## TRY IT
Write out, with no changes, every line starting at the one that contains "Product gallery 4170607" and ending at the last line of the data below. Leave pictures out.

## DATASET
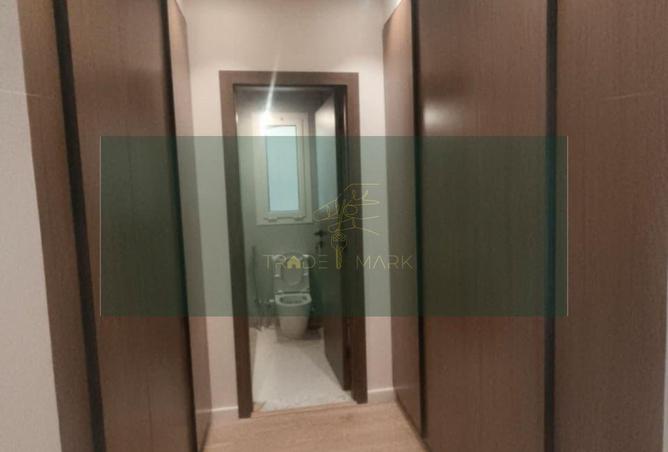 53974690 - Property Image 3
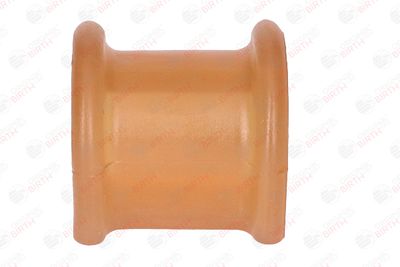 BUCSA BARA STABILIZATOARE BIRTH 4398 4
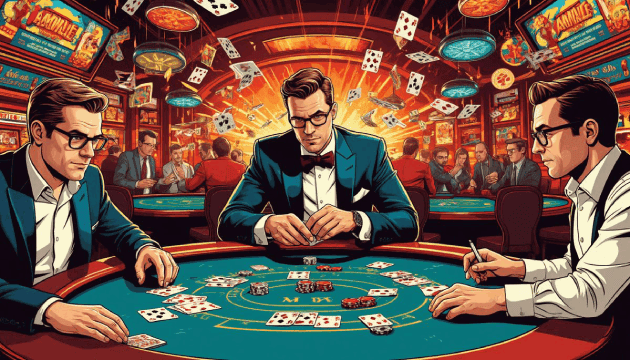 600bet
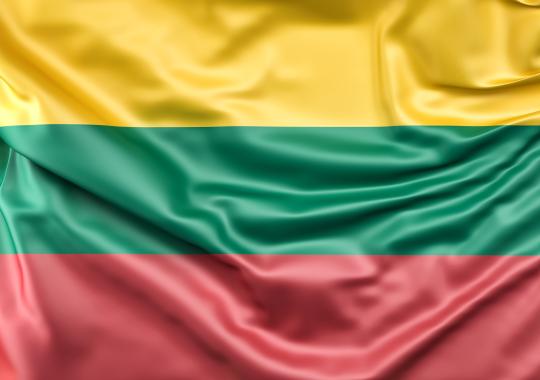 Pateiktas Ukmergės rajono savivaldybės 2024 m. biudžeto projektas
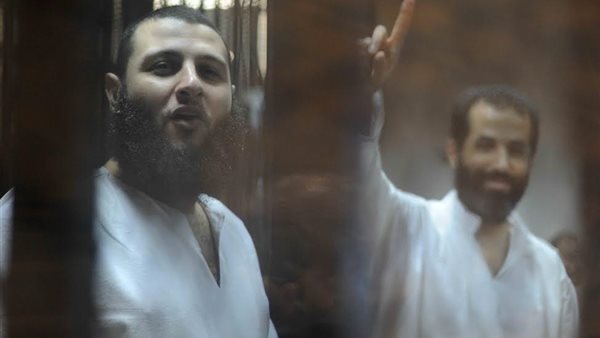 أمين الصيرفي  سكرتير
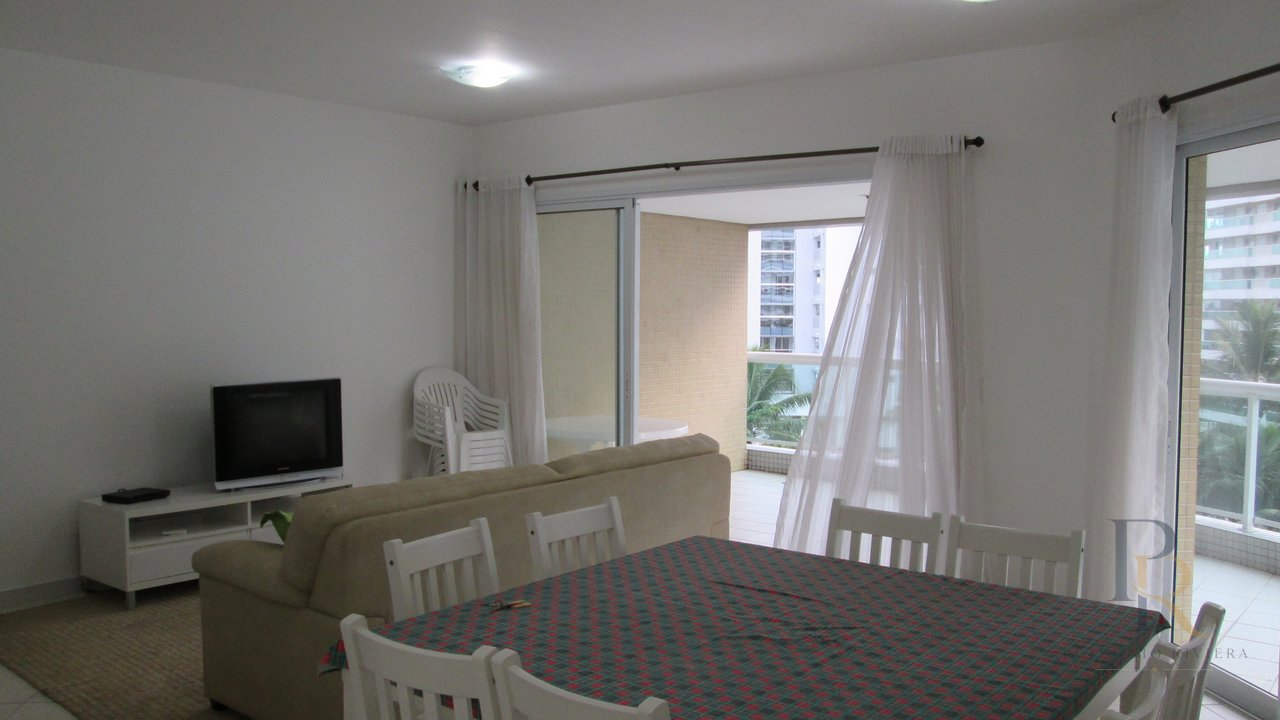 Apartamento — foto 17 de 47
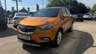 USED 2017 67 VAUXHALL MOKKA X 1.6 CDTi Elite Nav SUV 5dr Diesel Auto Euro 6 (136 ps) FIRST TO SEE WILL BUY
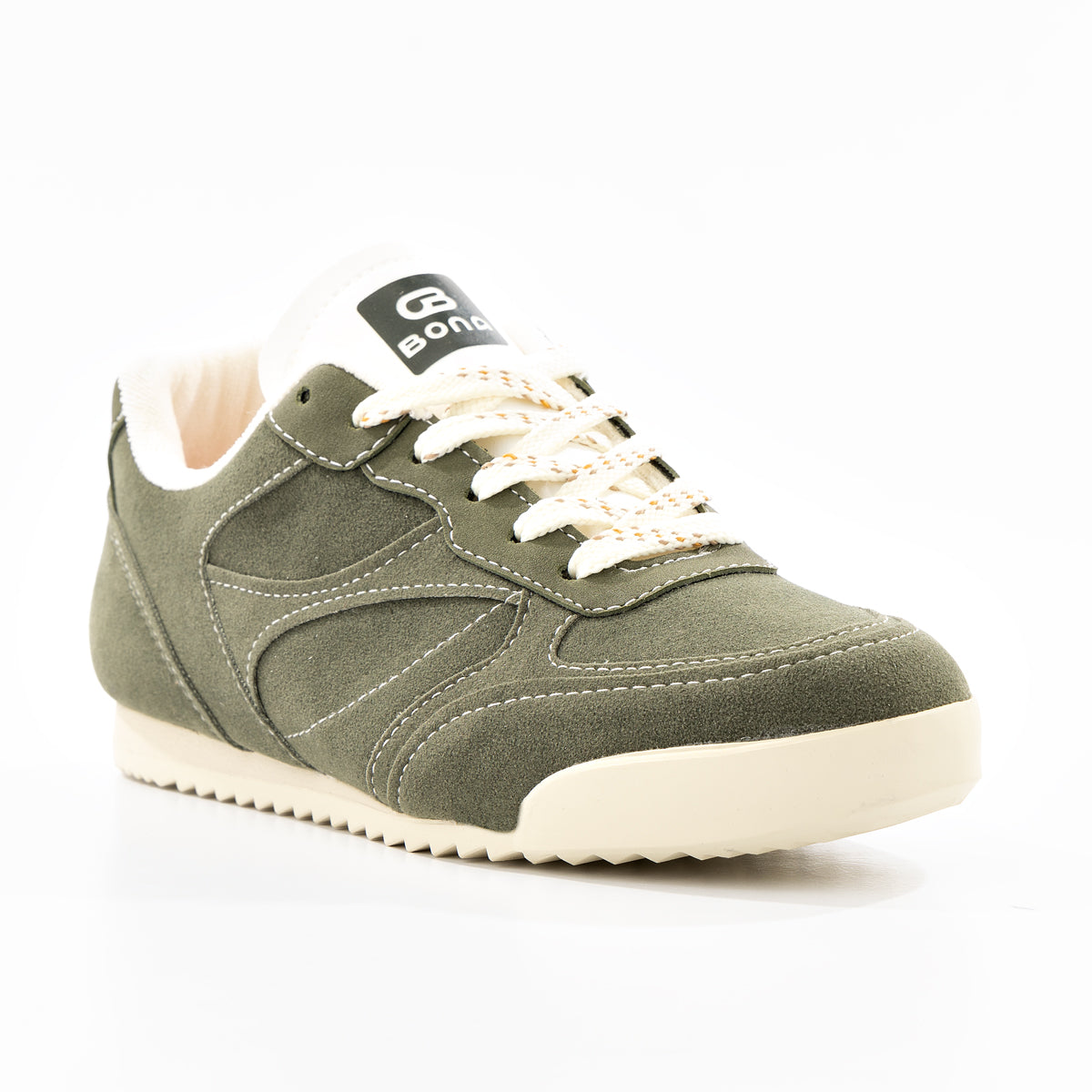 TENIS DEPORTIVOS - 19555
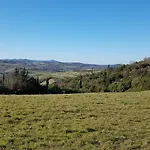 La Pergoletta Casa vacanze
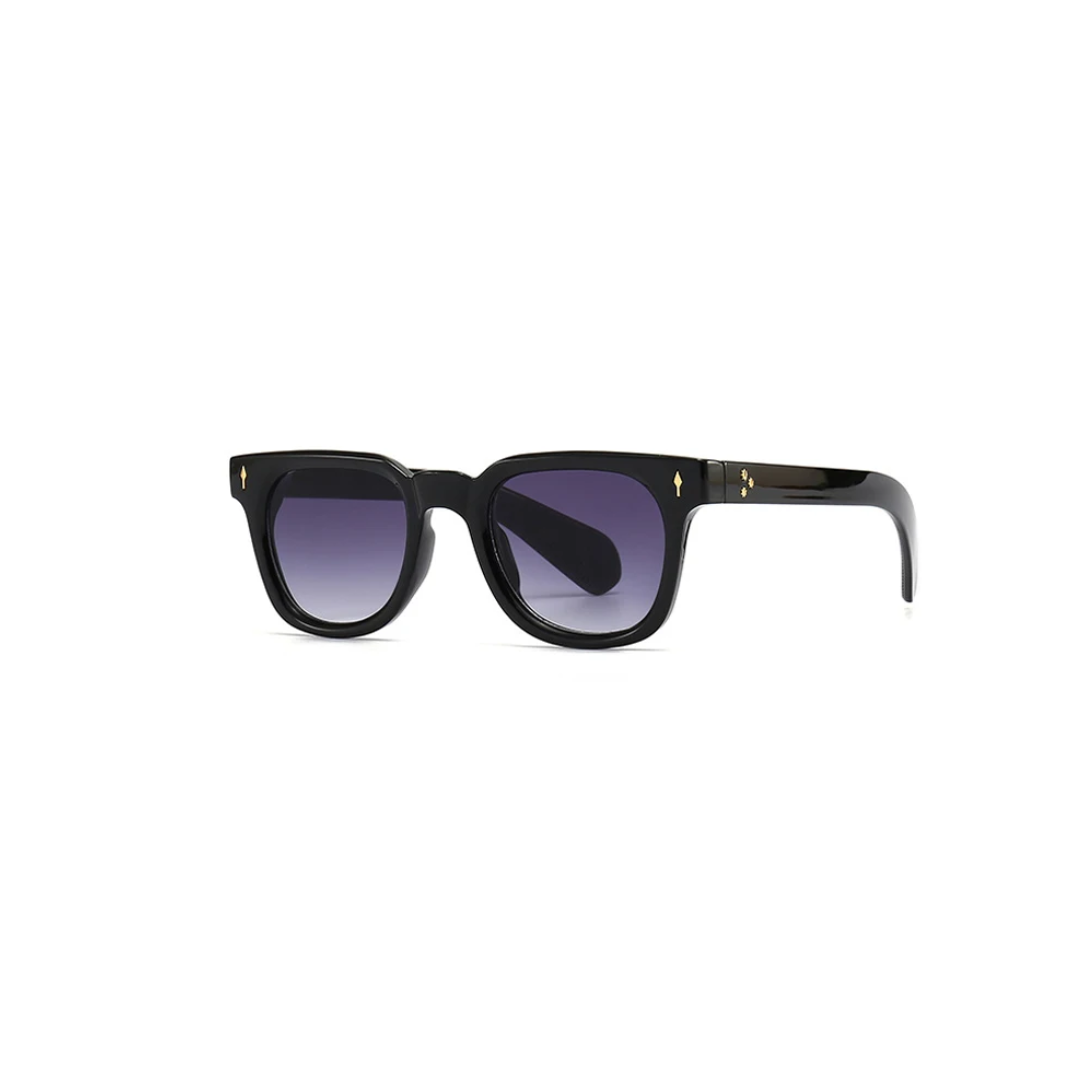 Aaron Sunglasses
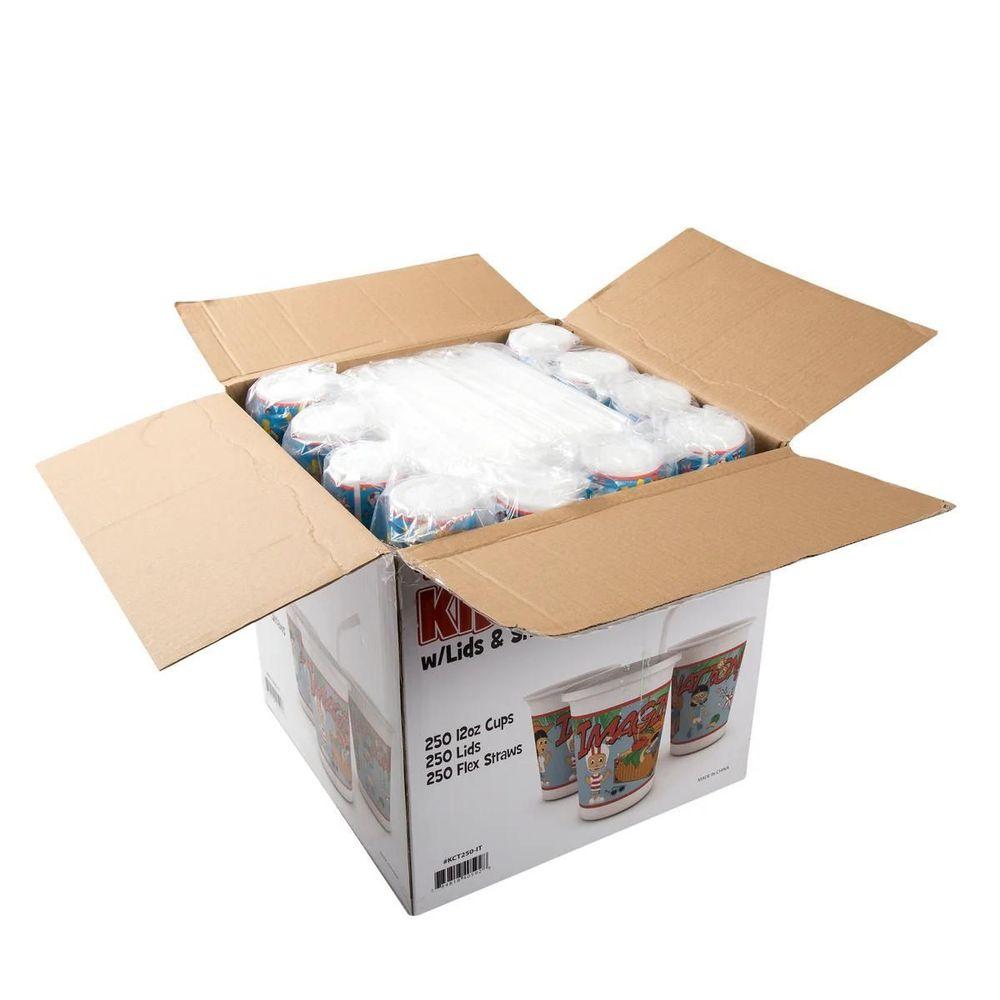 Product gallery 4170607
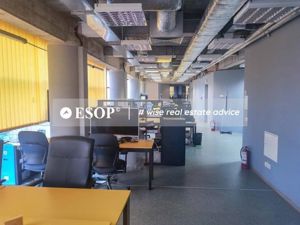 Pallazo Italia, Universitate, 170 - 730mp  0% comision! - imagine 9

## SOLUTION TO THIS EXERCISE
 Product gallery 4170607
 Pallazo Italia, Universitate, 170 - 730mp  0% comision! - imagine 9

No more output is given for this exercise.